House Speaker Matt Ritter, D-Hartford, was asked before Thursday’s House session about the UConn president’s statements regarding future basketball games at XL Center.
Ritter said his caucus wasn’t happy with the level of funding Lamont recommended for public colleges and universities in his new biennial budget.
But the speaker also was confident that the matter would be resolved to allow UConn sporting events to continue in the capital city.
“Is UConn going to play in Hartford? You betcha,” Ritter said. “And do we agree with the president, though, that we’ve got to help them with this budget? You betcha.”
Beyond sporting events, there’s fear that the budget cuts could cause financial strain on students, and although Maric said the university would not cut financial aid, there is a possibility of a tuition hike.
“If the university tried to cover the Storrs portion of these shortfalls by raising tuition, it would mean an increase of 19% or $3,000 more per student next year alone,” Maric said in an email distributed to faculty and staff. “The university will spend more than $175 million on financial aid this year, an increase of 7% over the prior year. … We are doing our own cutting and consolidation whenever possible: In the last five years alone, UConn and UConn Health have successfully achieved more than $215 million in savings through Financial Improvement Plans. We simply cannot provide less while asking our students to pay more.”

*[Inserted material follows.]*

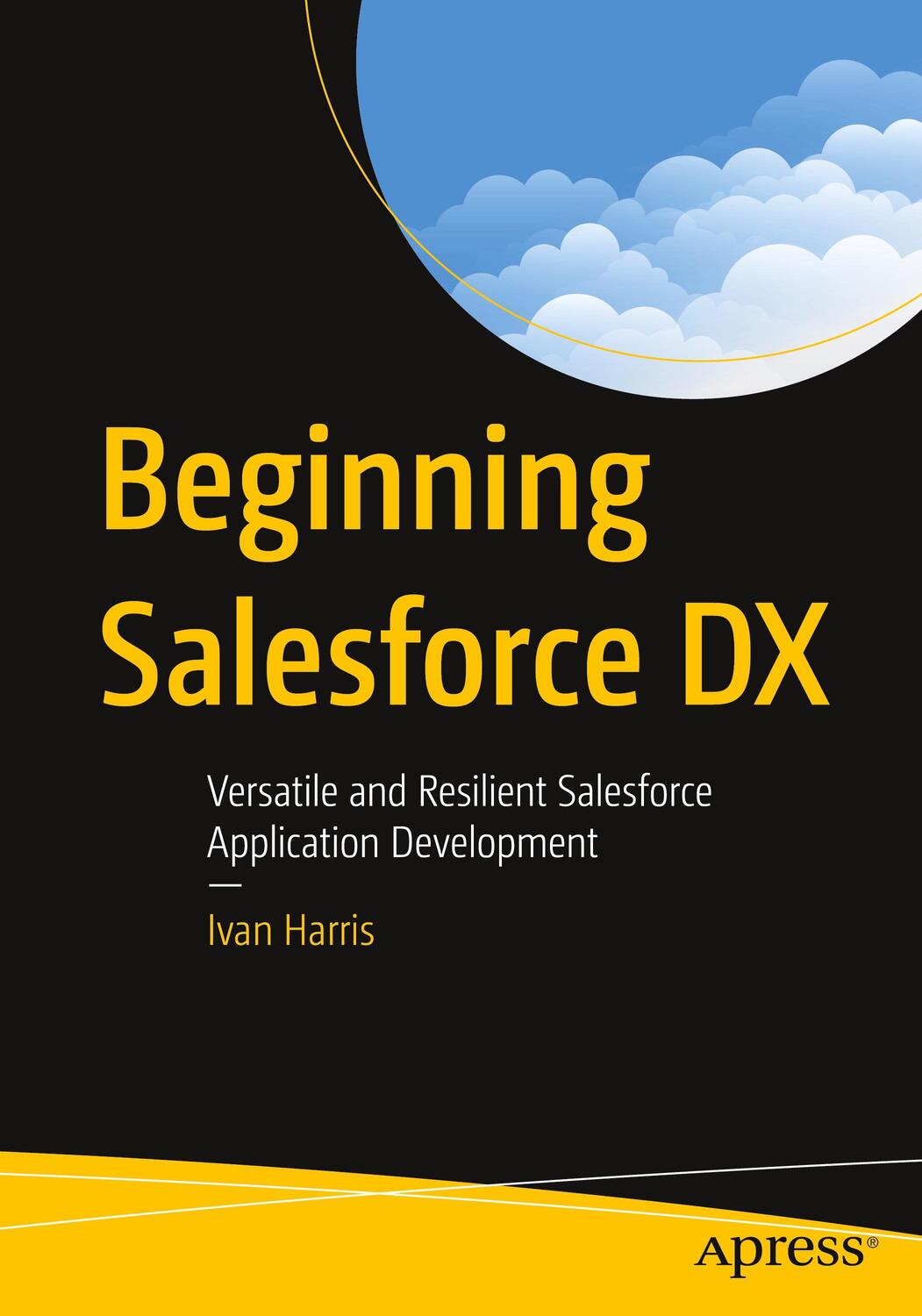 Cover: 9781484281130 | Beginning Salesforce DX | Ivan Harris | Taschenbuch | Paperback | 2022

This academic year, it costs over $34,000 for an in-state student to attend UConn, and upward of $43,000 for out-of-state students. About 65% of undergraduates receive financial aid.
“I have a couple of friends I was talking to about this, and if this was to happen, they don't know what they would do,” Holland said. “They don't know how they will fund their education. And in some cases, these are students that are already working one or two jobs. They’re working straight after class just so they can pay for books or just so they can pay for their meal plan. … So, if it’s a problem for one or two members of our community, it is a problem for all of us.”
Holland added that on-campus organizations often provide student services for their peers, including accessibility to free contraceptives, menstrual products or even Shop & Shop gift cards up to $300 for those struggling with food insecurity. It’s possible these services can disappear without the proper funding.
“It's frightening to think that if we ask for increased institutional support, that the university gets to the point where they say ‘We don't have the capacity to offer you any support,’” Holland said.
Faculty support will also become a question.
Last year, Lamont negotiated a four-year package of raises for most state employees. The package included $3,500 in bonuses last spring and summer for about 46,000 unionized state employees. Each year includes a 2.5% general wage increase, as well as a step hike for all but the most senior workers.
“The governor’s proposed budget would not cover the total amount of salary increases approved under the collective bargaining agreement negotiated between the state and state employee unions,” Maric wrote in her email. “The state funds the cost of collective bargaining agreements for other agencies, but proposes not to fully fund them for UConn.”
Representatives from UConn and the state university system told the administration they would need to retain temporary funding and also receive more money to help them cover the raises.
“To be clear: UConn is very supportive of ensuring that our workforce is fairly compensated; we believe that our employees earned the wage increases that the state committed to in the agreement,” Maric said. “Our request is that the state fund the commitments it made rather than pass the costs on to UConn.”
Staff writer Keith Phaneuf contributed to this report.